オペラ興行師ヴィヴァルディ(2) −1720年(当世風劇場)

(2004/2/14更新)

Il teatro alla moda
「当世風劇場」表紙。舵の上で片足を上げてヴァイオリンを弾いているのがAldiviva
Aldiviva

 Antonio Vivaldiは1720年成功の内にマントヴァ宮廷を辞し、ヴェネツィアに戻りました。 マントヴァではこれ以降もヴィヴァルディの作品が上演されました。

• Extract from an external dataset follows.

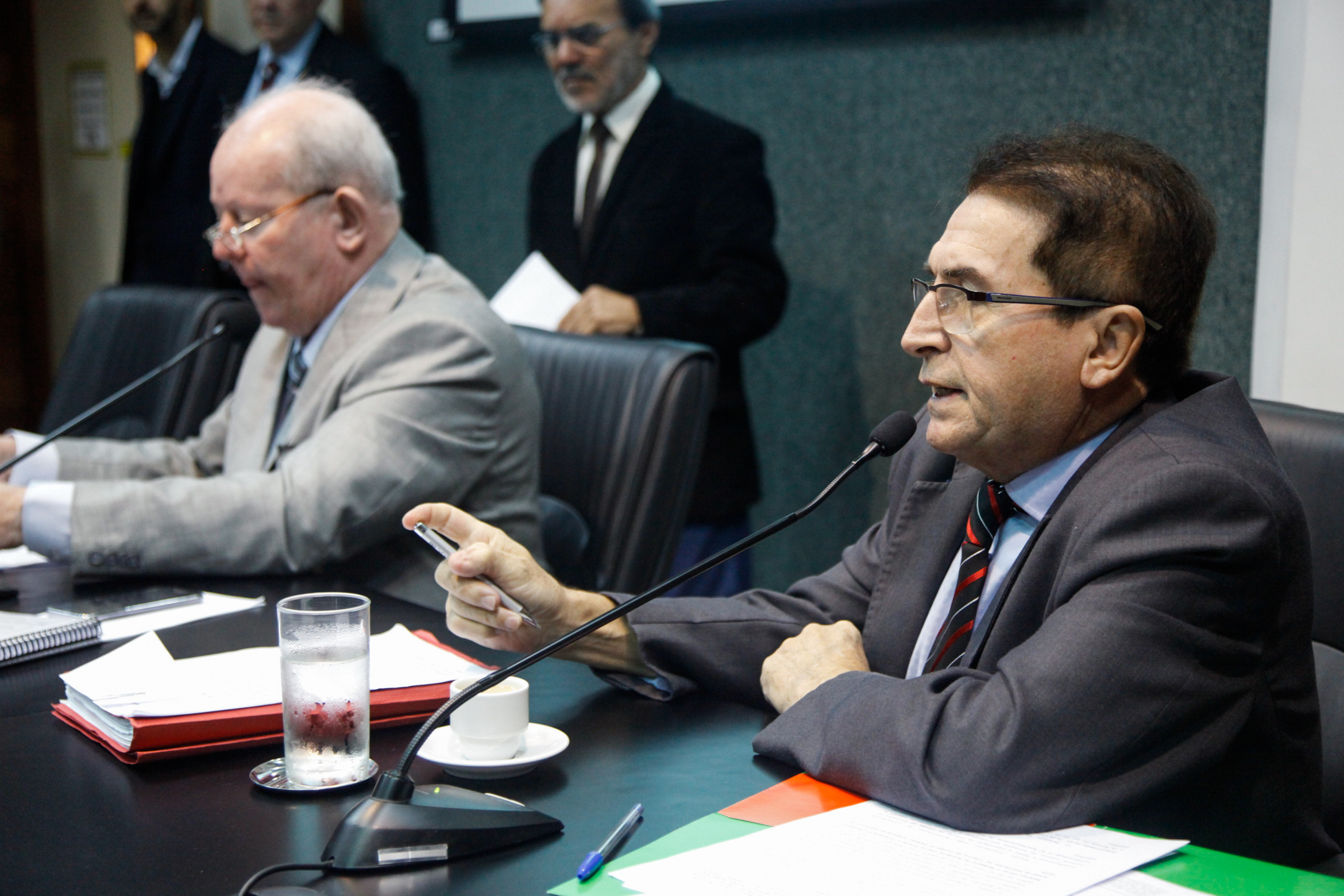 Deputado Antônio Aguiar (PMDB). Comissão de Finanças e Tributação.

ところが、 1720年12月にヴェネツィアで「当世風劇場」(Il teatro alla moda) と題する小冊子が出版されました。作者は匿名でしたが、作曲家でもあるヴェネツィア貴族、 ベネデット・マルチェッロであることがわかっています。 この中で、あるオペラ劇場の内幕や関係者の仕事振りを悪意たっぷりに皮肉っているのですが、 その仮名は当時のヴェネツィア人であれば容易に類推できる、 すなわちサンタンジェロ劇場とヴィヴァルディに対する物である事は明白でした。 この本が出版された背景には、マルチェッロ家がサンタンジェロ劇場の経営権を巡って、 ヴィヴァルディらと深刻な対立関係にあり、 また名門有力貴族対理髪師とその息子と言う階級差から来る蔑視もあったのかもしれません。 もちろんこれはヴィヴァルディの才能や実力に対するねたみの裏返しかもしれませんが。 ただ、ここであげつらっている欠点の中には真実も含まれており、 ヴィヴァルディの名声及びヴィヴァルディ自身を傷つけることになりました。 ただ、ゼーノやメタスタジオによるオペラ改革の前の事なので、 これらの批判の多くは当時のオペラ界全体に当てはまることなのかもしれません。
 皮肉なことにマルチェッロが敵意たっぷりに当時のオペラ界の内幕を暴露してくれたおかげで、 書かれることのない当時のショービジネスの裏側を今日に紹介してくれる貴重な資料となっています。 もちろんこの冊子の反ヴィヴァルディ派プロパガンダという目的を理解した上で読まなければいけませんが。 とはいえ、40代を迎えたヴィヴァルディはその名声も実力も頂点を迎えようとしていました。 まもなく有名な作品8「和声と創意への試み」すなわち「四季」を出版する事になります。